Basically we want to be able to produce code using llvm that looks like this:
.text
.align 4,0x90
.long _ZCMain_main_srt-(_ZCMain_main_info)+0
.long 0
.long 196630
.globl _ZCMain_main_info
_ZCMain_main_info:
.Lcg6:
leal -12(%ebp),%eax
cmpl 84(%ebx),%eax
[...]
So in the above code we can access the code for the function
'_ZCMain_main_info' and the metadata for it need by the runtime with
just the one label. At the moment llvm just outputs all global
variables at the end.
It seems to me that there are three slightly different ways to support
this in llvm:
1) Have llvm preserve order of data and code from input file when in
the same section
2) Use a new special '@llvm.foo' variable that takes a list of
functions and globals. Order they appear in the array is the order
they should be output in and as one contiguous block.

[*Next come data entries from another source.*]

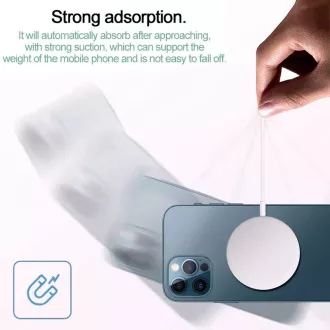 1stCOOL vezeték nélküli QI töltő 15W, hordozható, mágneses, MagSafe kompatibilis, fehér színben
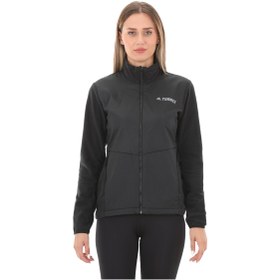 Resim adidas Gu8968-k W Mt Windfl Jkt Kadın Yağmurluk-r&amp;uuml;zgarlık Siyah 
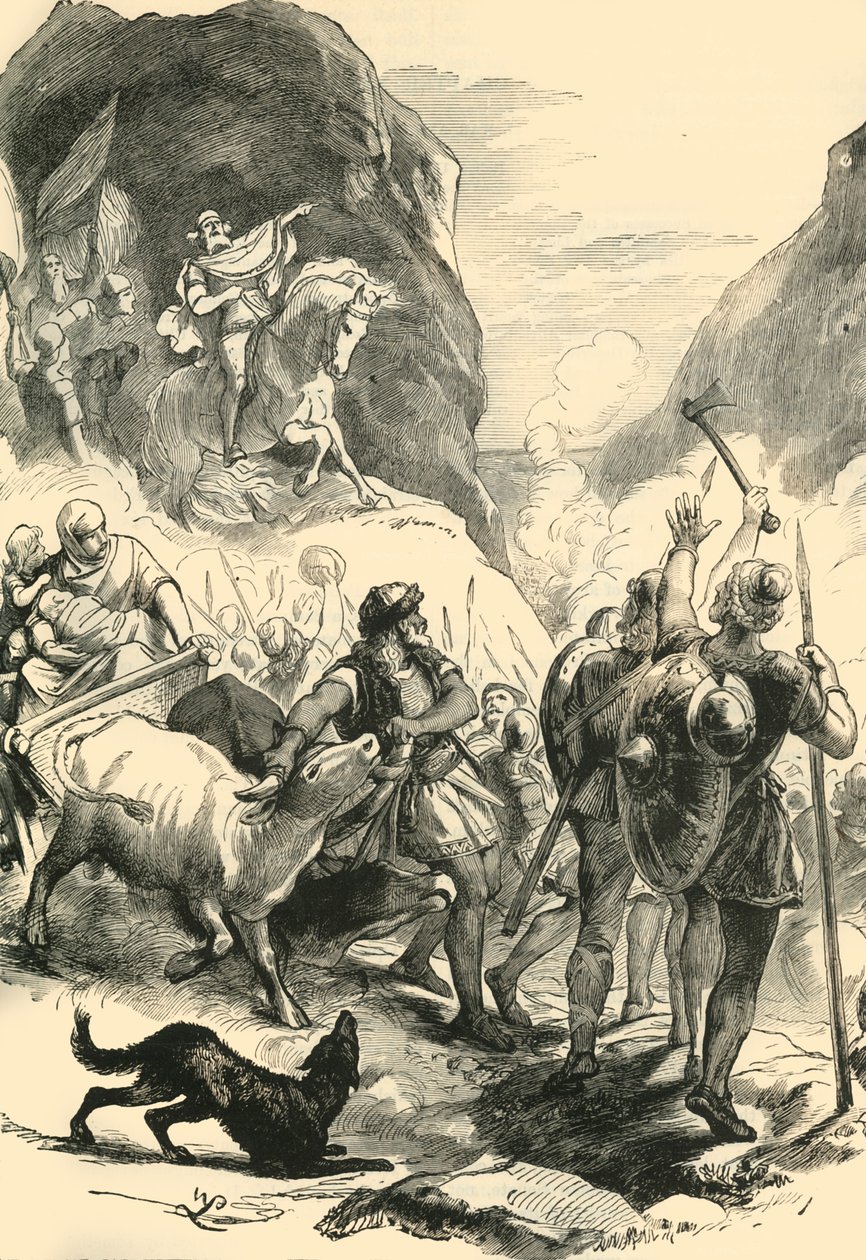 Les Teutons en marche, 1890 - Unbekannt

3) Have llvm be specifically aware about the desire to associate some
global variable with a function. So a function definition could
include taking a global variable as an attribute. llvm would then
output the function and variable together like in the code above.
I was thinking that the first option is the easiest, both for llvm and
its users. My simple idea was to just somehow store the order that
functions and globals are read in by AsmParser or created in by using
the API. You could use a list to do this or just give each
global/function a number representing its order that could be sorted
on. When it comes for AsmPrinter to write out the module it does so in
order. Any new functions or globals created by optimisations are
simply added to the end of the sort order. This would produce the
above code but also with a label for the data, like this:
.text
.align 4,0x90
_ZCMain_main_info_table:
.long _ZCMain_main_srt-(_ZCMain_main_info)+0
.long 0
.long 196630
.globl _ZCMain_main_info
_ZCMain_main_info:
.Lcg6:
leal -12(%ebp),%eax
cmpl 84(%ebx),%eax
The problem could be optimisations though. this is an area I'm not
very knowledgeable in so please point out any issues. The main problem
I can think of are inlining and dead code removal. Inlining I believe
should be OK as long as it doesn't remove the original function since
we need that label present to access the data before it. I wouldn't
think this will happen though since the function will be accessed both
as a tail call to it and using pointer arithmetic with subtraction to
get the data before it. The pointer arithmetic would stop llvm
removing it. The other issue is dead code removal removing the data
('_ZCMain_main_info_table') since there are no references to it. That
can be easily fixed using @llvm.used. The biggest problem with this
approach is that it limits the optimisations llvm can do on this code.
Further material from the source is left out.